§ **Your objective**:
Could you transcribe the entries below exactly, without any of the pictures?

§ **Information shown**:
=====

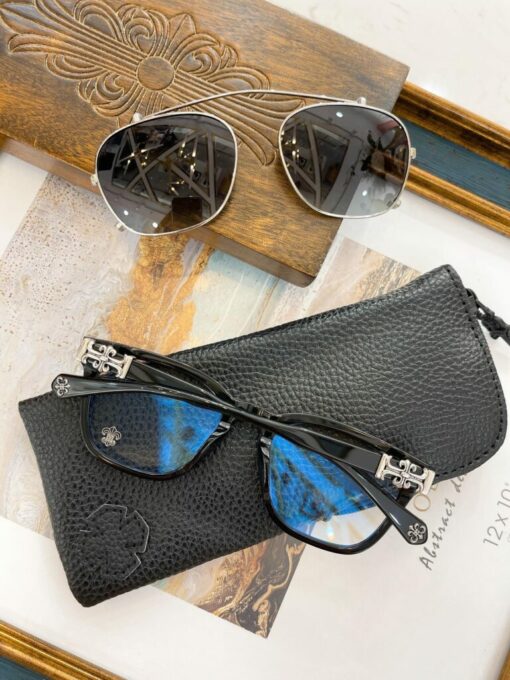 Chrome Hearts Sunglasses frame Pump Me Black Silver 925 3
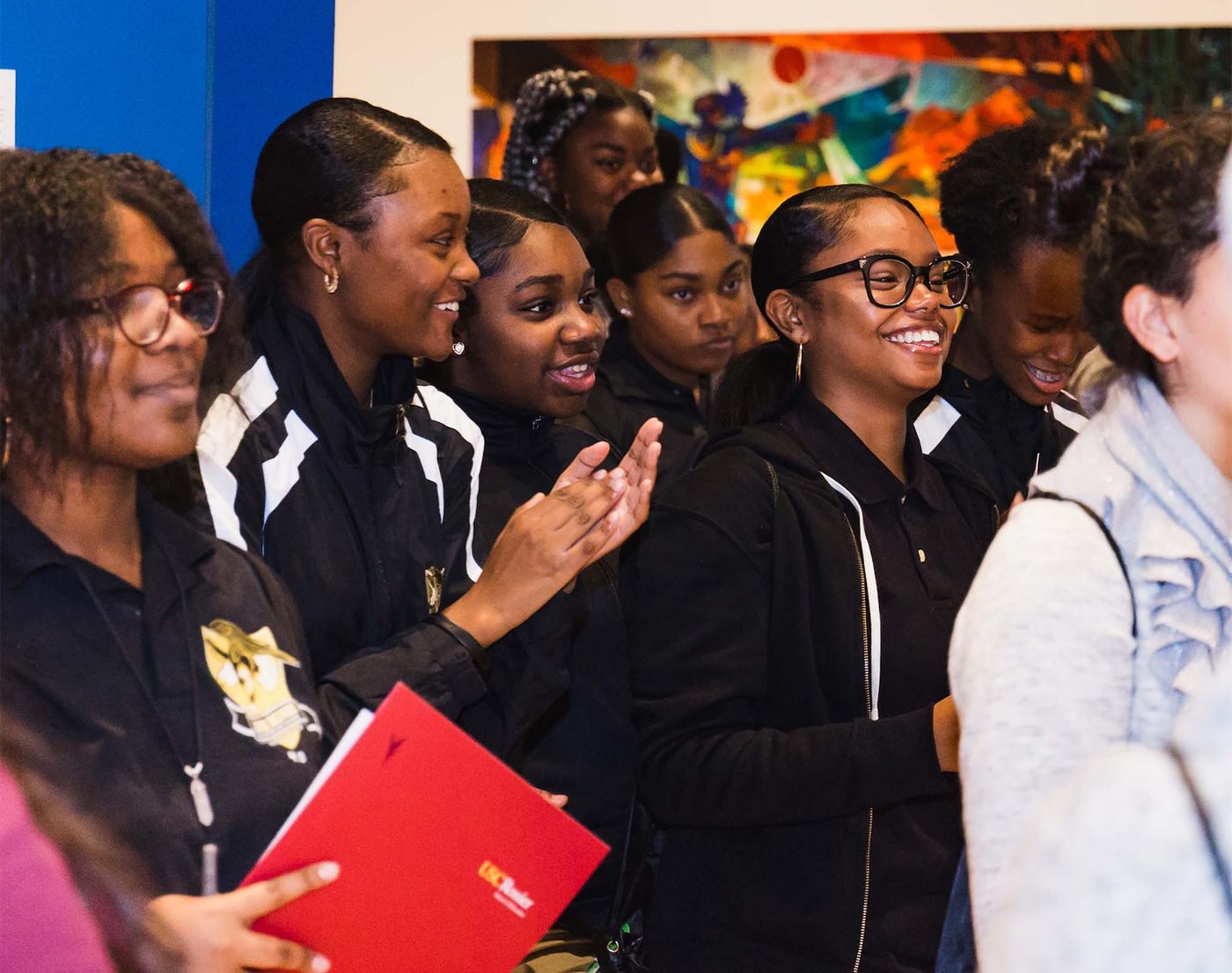 Students at the California African American Museum
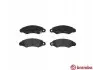Комплект гальмівних колодок передн, SUBARU JUSTY II, JUSTY III SUZUKI SWIFT II 1.0-1.6 03.89 BREMBO (P78012) зображення 1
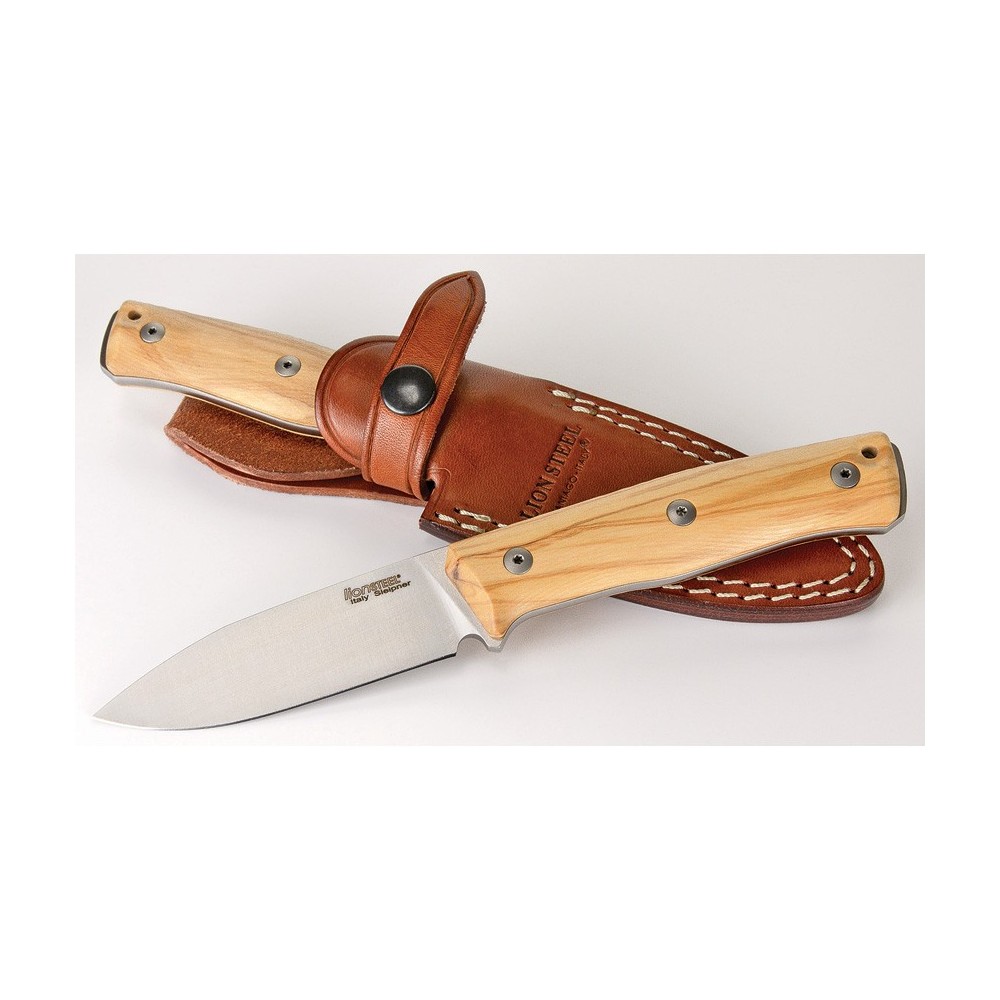 LionSTEEL B35 Fixed Blade Olive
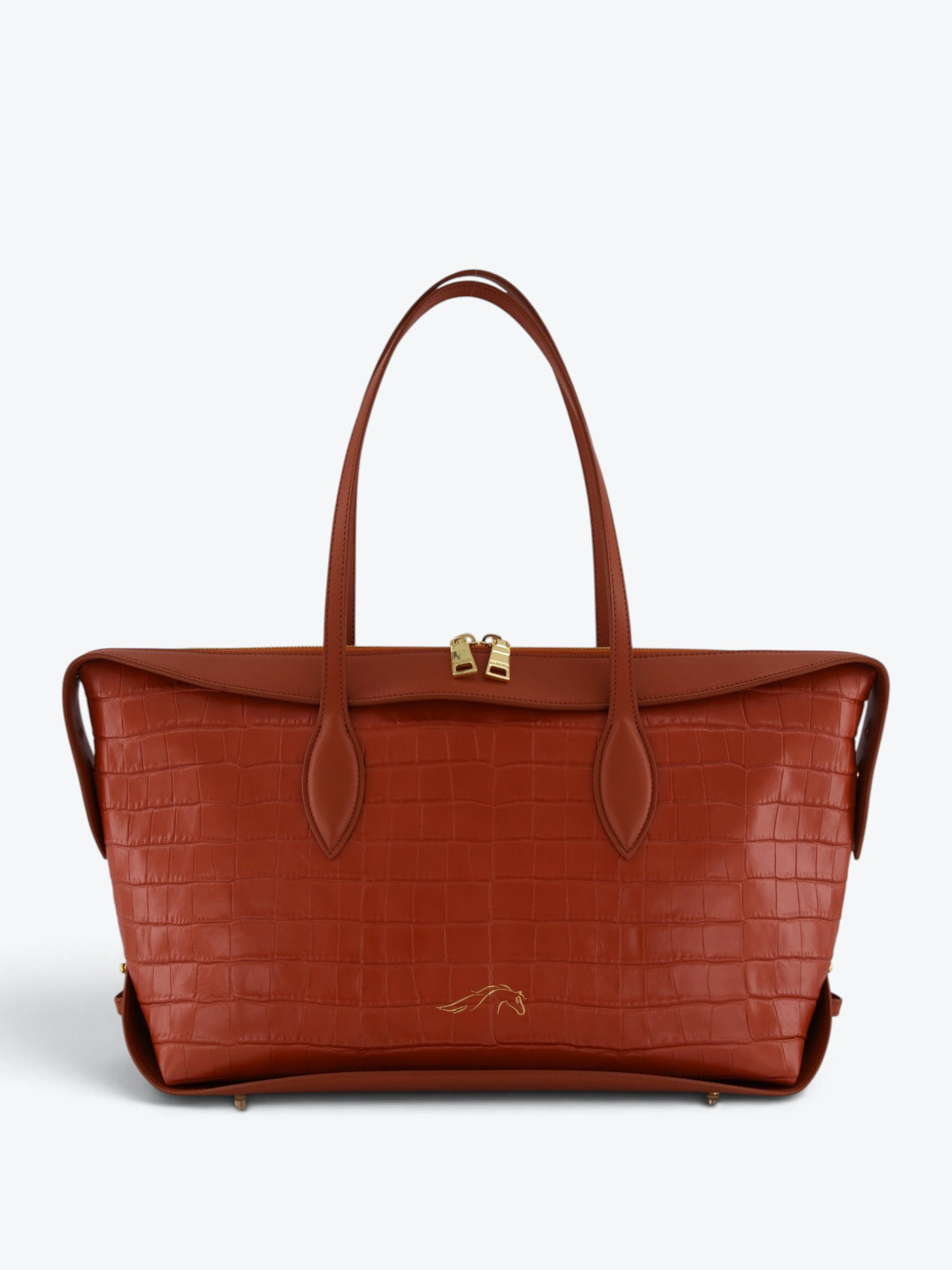 Borsa Row Black Croco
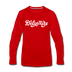 Delaware Long Sleeve T-Shirt - Hand Lettered Unisex Delaware Long Sleeve Shirt - red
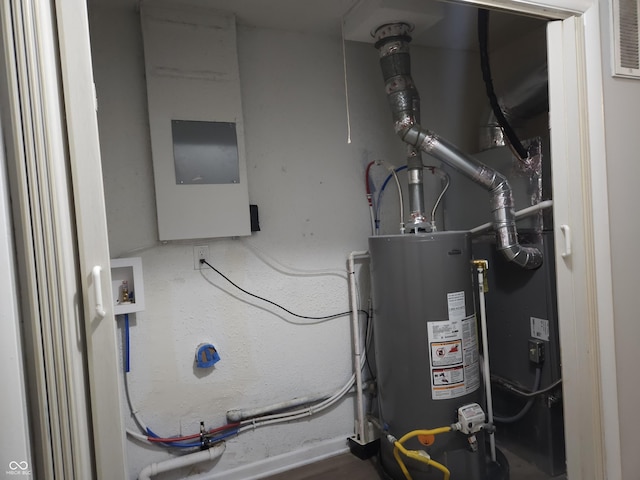 1931 Brentwood Dr, Anderson, IN 46011 - utilities featuring electric panel and water heater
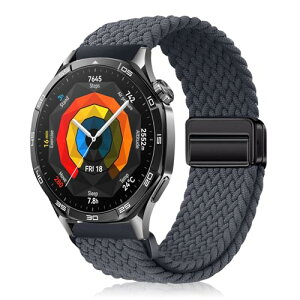 Huawei Watch GT6 Pro / GT6 / GT5 Pro / GT5 / GT4 / GT3 (46mm) �x���g 22mm �i�C���� �o���h ���e�� �ւ��x���g �ґg�X�g���b�v ���C�o�b�N�� ���� �x���g �}�O�l�b�g�o���h�t�@�[�E�F�C�E�H�b�` Ultimate 2 / 4Pro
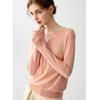 Women's Soft Skin-Friendly Pure Wool Round Neck Pullover Sweater – Gentle Style, Long Sleeve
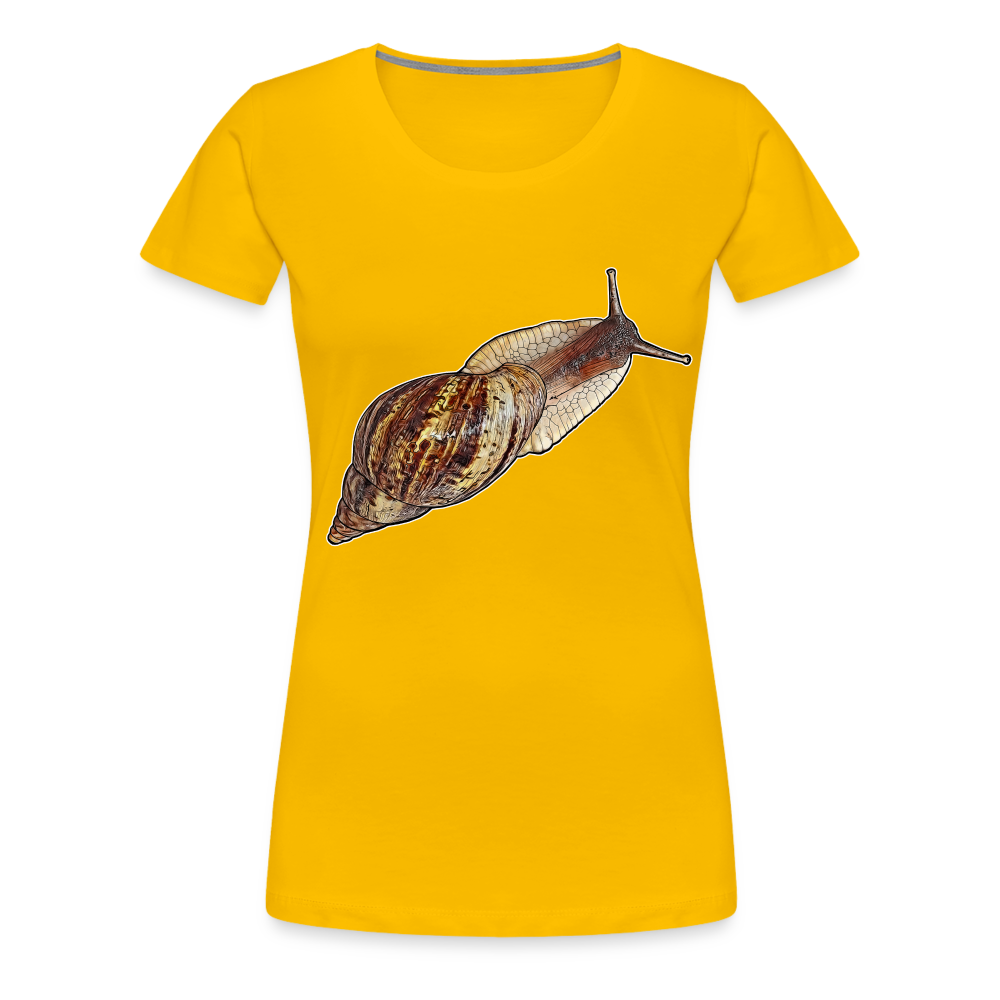 Frauen Basic T-Shirt Achatina reticulata wildfarben - Sonnengelb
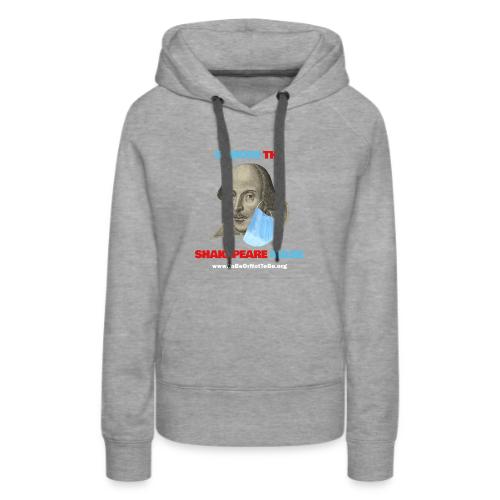 Remove Shakespeare Mask- Front & Back dark fabric - Women's Premium Hoodie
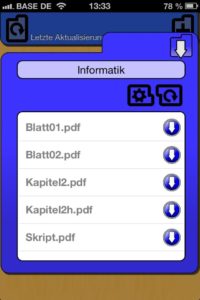 CourseMate Dokument-Übersicht Informatik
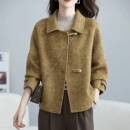 羊毛呢子外套 宽松显瘦双面绒羊毛大衣女中年女装 2025秋冬新款 韩版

=====

§ **Answer section**:
 Chrome Hearts Sunglasses frame Pump Me Black Silver 925 3
 Students at the California African American Museum
Комплект гальмівних колодок передн, SUBARU JUSTY II, JUSTY III SUZUKI SWIFT II 1.0-1.6 03.89 BREMBO (P78012) зображення 1
 LionSTEEL B35 Fixed Blade Olive
 Borsa Row Black Croco
 Delaware Long Sleeve T-Shirt - Hand Lettered Unisex Delaware Long Sleeve Shirt - red
 1931 Brentwood Dr, Anderson, IN 46011 - utilities featuring electric panel and water heater
 Huawei Watch GT6 Pro / GT6 / GT5 Pro / GT5 / GT4 / GT3 (46mm) �x���g 22mm �i�C���� �o���h ���e�� �ւ��x���g �ґg�X�g���b�v ���C�o�b�N�� ���� �x���g �}�O�l�b�g�o���h�t�@�[�E�F�C�E�H�b�` Ultimate 2 / 4Pro
 Women's Soft Skin-Friendly Pure Wool Round Neck Pullover Sweater – Gentle Style, Long Sleeve
 Frauen Basic T-Shirt Achatina reticulata wildfarben - Sonnengelb
 Remove Shakespeare Mask- Front & Back dark fabric - Women's Premium Hoodie
 CourseMate Dokument-Übersicht Informatik
 羊毛呢子外套 宽松显瘦双面绒羊毛大衣女中年女装 2025秋冬新款 韩版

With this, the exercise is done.